__Brief__.
The listing below is to be duplicated exactly, with every picture omitted.

(Extracted records Opens)

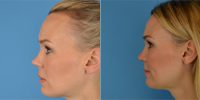 Dr Bradford A. Bader, MD, Plano Facial Plastic Surgeon - 40 Year Old Woman Treated With Rhinoplasty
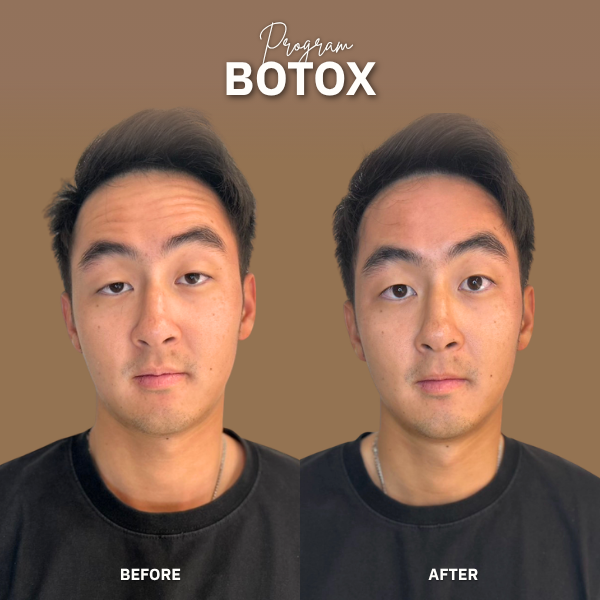 Botox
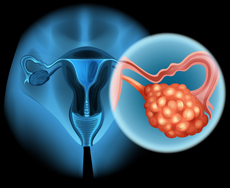 laparoscopic-surgery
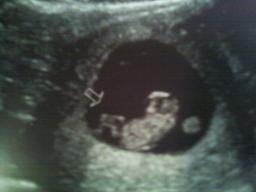 US - 8w6d.jpg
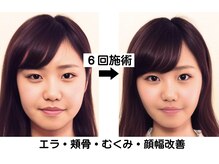 ニュートラル 渋谷店(NEUTRAL)/小顔矯正結果［小顔/骨盤］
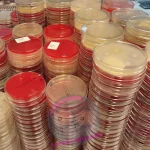 Agar Platten im Labor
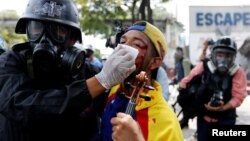 Wuilly Arteaga, a 23-year-old violinist, who was injured in the face, is helped during a rally against Venezuela's President Nicolas Maduro's government in Caracas, July 22, 2017.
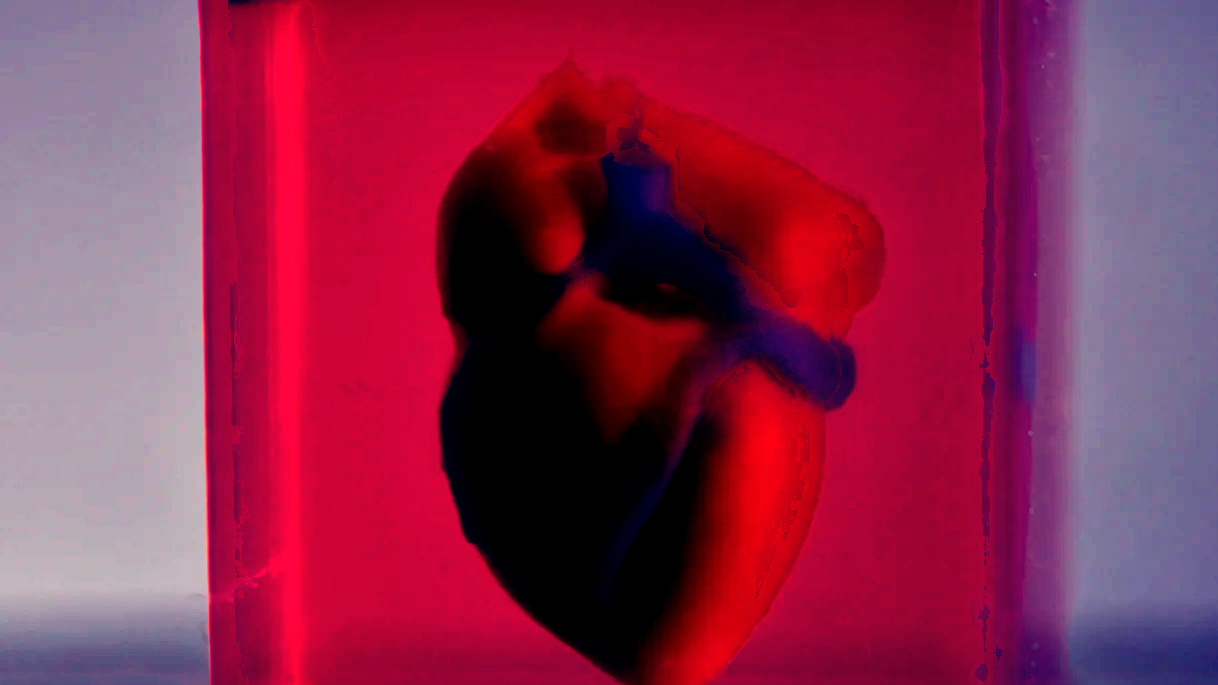 Scientists at Tel Aviv University have created 3D printed "cardiac patches" and a small heart that includes vessels, collagen, and biological molecules.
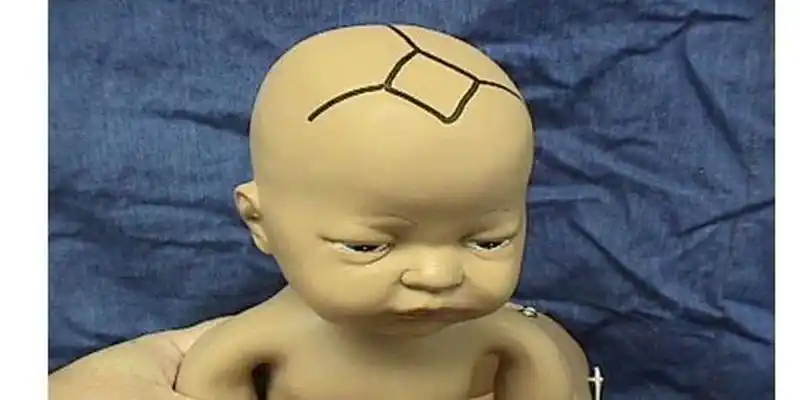 准妈必看的胎位图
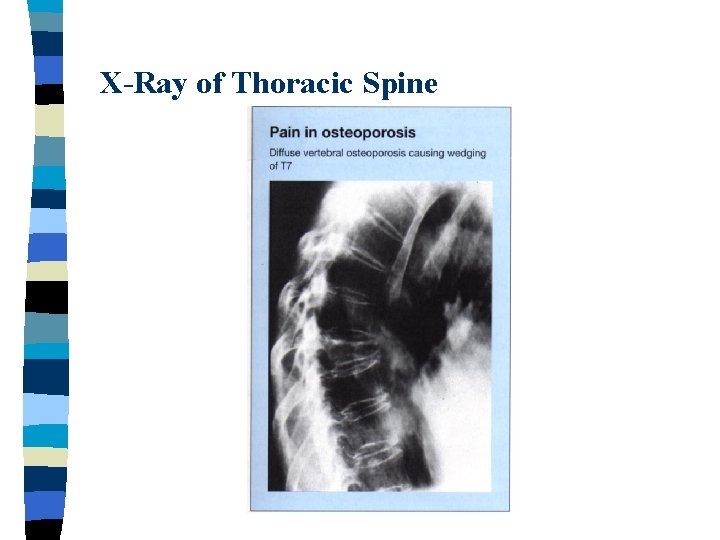 X-Ray of Thoracic Spine 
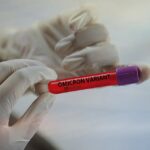 Omikron od delty rozezná jedině PCR test, říkají odborníci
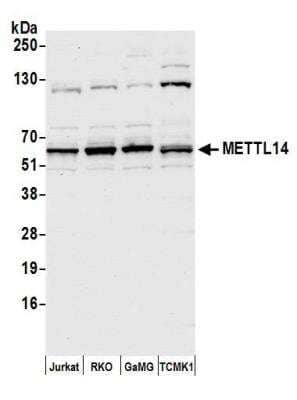 Western Blot: METTL14 Antibody [NBP2-76359] - Samples: Whole cell lysate (15 ug) from Jurkat, RKO, GaMG, and mouse TCMK-1 cells prepared using NETN lysis buffer. Antibody: Affinity purified rabbit anti-METTL14 antibody NBP2-76359 used for WB at 1:1000. Detection: Chemiluminescence with an exposure time of 10 seconds.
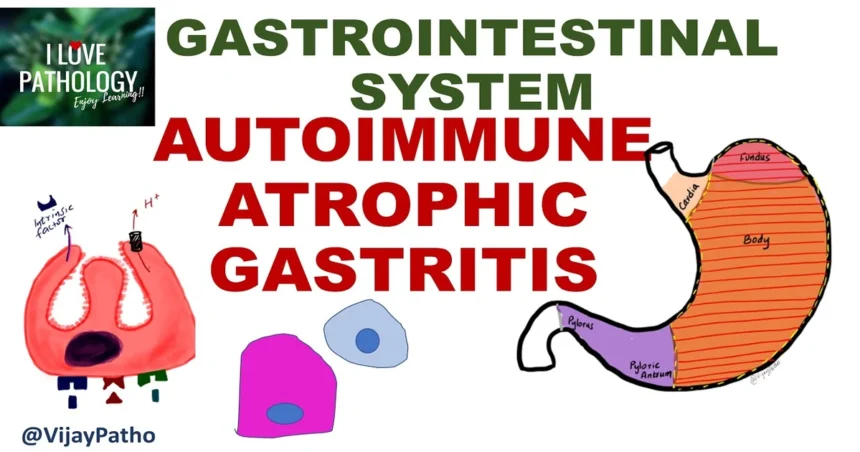 autoimmune gastritis bryan johnson
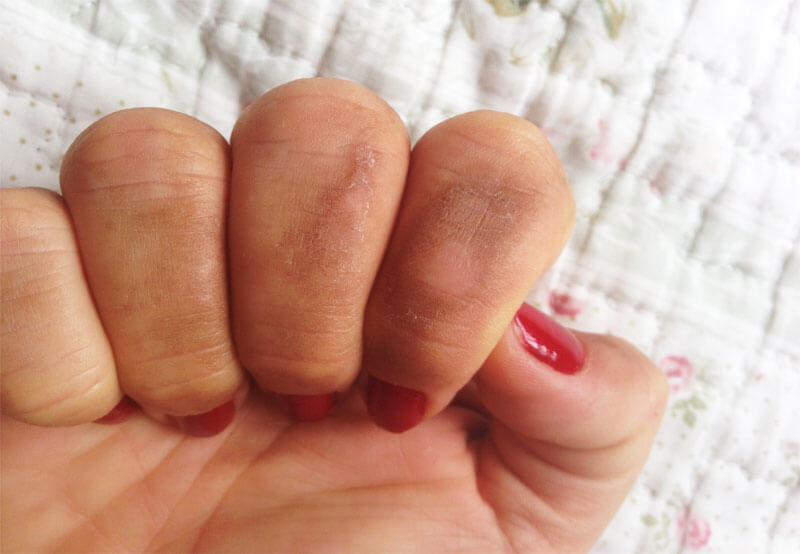 Manchas Brancas na Unha: Causas Comuns e Quando se Preocupar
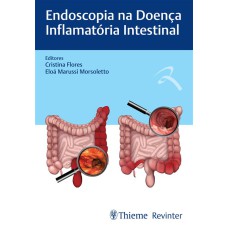 ENDOSCOPIA NA DOENÇA INFLAMATÓRIA INTESTINAL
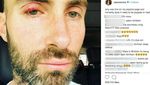 Adam Levine Lagi Bintitan, Tetap Ganteng?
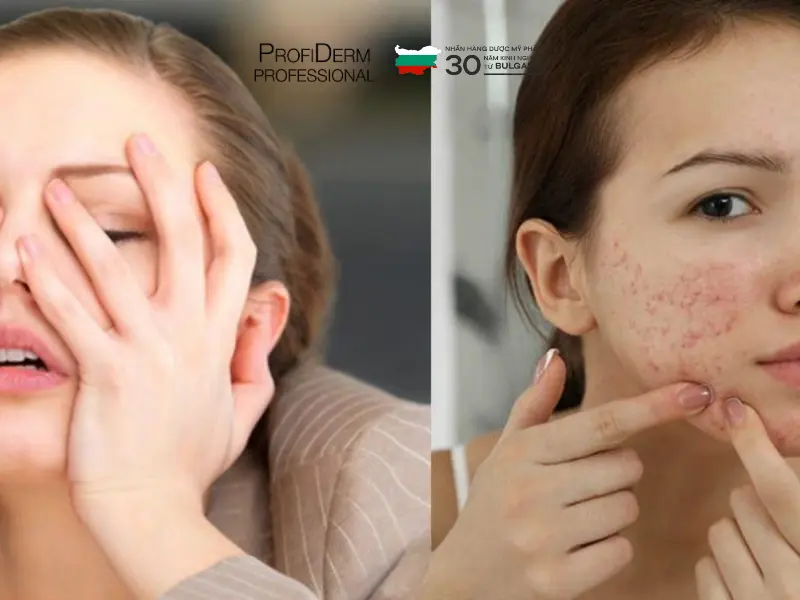 vitamin c có trị thâm không vitamin c có trị thâm không
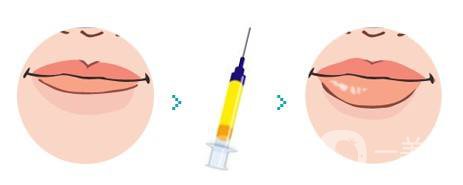 玻尿酸豐唇用小分子嗎 玻尿酸的作用有哪些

(Extracted records Closes)

__Answer area__.
 Dr Bradford A. Bader, MD, Plano Facial Plastic Surgeon - 40 Year Old Woman Treated With Rhinoplasty
 Botox
 laparoscopic-surgery
 US - 8w6d.jpg
 ニュートラル 渋谷店(NEUTRAL)/小顔矯正結果［小顔/骨盤］
 Agar Platten im Labor
 Wuilly Arteaga, a 23-year-old violinist, who was injured in the face, is helped during a rally against Venezuela's President Nicolas Maduro's government in Caracas, July 22, 2017.
 Scientists at Tel Aviv University have created 3D printed "cardiac patches" and a small heart that includes vessels, collagen, and biological molecules.
 准妈必看的胎位图
 X-Ray of Thoracic Spine 
 Omikron od delty rozezná jedině PCR test, říkají odborníci
 Western Blot: METTL14 Antibody [NBP2-76359] - Samples: Whole cell lysate (15 ug) from Jurkat, RKO, GaMG, and mouse TCMK-1 cells prepared using NETN lysis buffer. Antibody: Affinity purified rabbit anti-METTL14 antibody NBP2-76359 used for WB at 1:1000. Detection: Chemiluminescence with an exposure time of 10 seconds.
 autoimmune gastritis bryan johnson
 Manchas Brancas na Unha: Causas Comuns e Quando se Preocupar
 ENDOSCOPIA NA DOENÇA INFLAMATÓRIA INTESTINAL
 Adam Levine Lagi Bintitan, Tetap Ganteng?
 vitamin c có trị thâm không vitamin c có trị thâm không
 玻尿酸豐唇用小分子嗎 玻尿酸的作用有哪些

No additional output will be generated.